Some banks and financial apps allow you to view your score for free as part of their member benefits. If none of the institutions you’re affiliated with offers this benefit, a free annual copy of your credit report from all three bureaus by visiting Though these copies won’t include your actual score, they will give you an idea of whether it’s a good time to apply for a loan or if you should improve your credit first.

Step 2: Calculate your debt-to-income ratio

Your debt-to-income ratio — or DTI — is a figure that lenders use to measure how likely you are to default on a loan based on how much debt you have relative to your income. This figure is expressed as a percentage and is the most important factor for approval.

Lenders typically prefer a DTI of 36 percent and under. Though some lenders may accept higher thresholds, anything above 43 percent is usually considered too risky for lending.

To calculate your DTI, add up all of your monthly debt payments and divide that number by your monthly gross income. Alternatively, you can use Bankrate’s DTI calculator to help you crunch the numbers. If your DTI is on the higher side, consider paying off debt. This is the quickest way to lower this figure and boost your chances of approval.

Step 3: Figure out your monthly payment

If your credit score and DTI make the cut, the next step is figuring out how much you can borrow. You can do this by using a boat loan calculator or getting prequalified with multiple lenders.

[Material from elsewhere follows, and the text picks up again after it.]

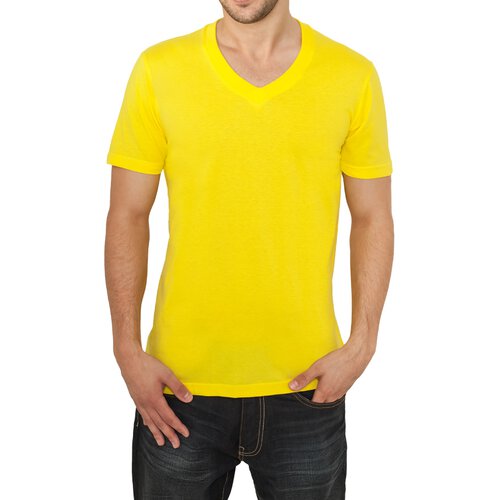 Urban Classics Herren V-Neck Basic T-Shirt TB-169 Gelb XL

With a boat loan calculator, you can tinker with the loan amount, interest rate and length of the repayment term to get an estimated monthly payment. Based on this last figure, you will know whether those terms would work within your budget or if further adjustments need to be made.

Prequalifying with multiple lenders, however, is the best way to get a firm grasp of your budget. That’s because you’ll be able to compare actual offers side-by-side without impacting your credit. It’s also worth noting that you may prequalify for a higher amount than expected. Although this can be a good thing, it can also make it easier for you to get carried away and bite off more than you can chew.

If you’re wondering what a good rule of thumb is for a boat payment, it will depend on your DTI. If your DTI is on the higher side, your payment shouldn’t exceed 5 percent of your monthly gross income. But if you have a lower DTI, then a good rule of thumb is not to go over 10 percent. That means if you have a monthly gross income of $5,000, your payment shouldn’t exceed $500 a month — or $250 if you have a high DTI.

Other considerations

Buying a boat is similar to getting a car, an RV or another vehicle. You’ll have to factor in yearly maintenance costs and insurance as part of the equation — not just your monthly payment.

According to Bankrate, you can expect to spend about 10 percent of the cost of the boat in maintenance alone. So, if you have a $35,000 boat, that translates to $3,500 a year or more just to keep it running. Then, there’s insurance costs. Boat insurance rates typically equal 1.5 percent of the boat’s insured value, though this figure can fluctuate greatly depending on the company and your location.

Other expenses to keep in mind when calculating your budget include:

  • Fuel.
  • Taxes.
  • Dock fees.
  • Storage fees.
  • Safety equipment.
  • Registration fees.
  • Certification fees.

The bottom line

Knowing your budget before shopping for a boat could spare you a lot of financial headaches in the future. To come up with a price range, make sure to assess your credit and financial situation, in addition to researching estimated ownership costs. This will help you determine whether this is something that actually fits within your current budget or if you need to make some adjustments before buying.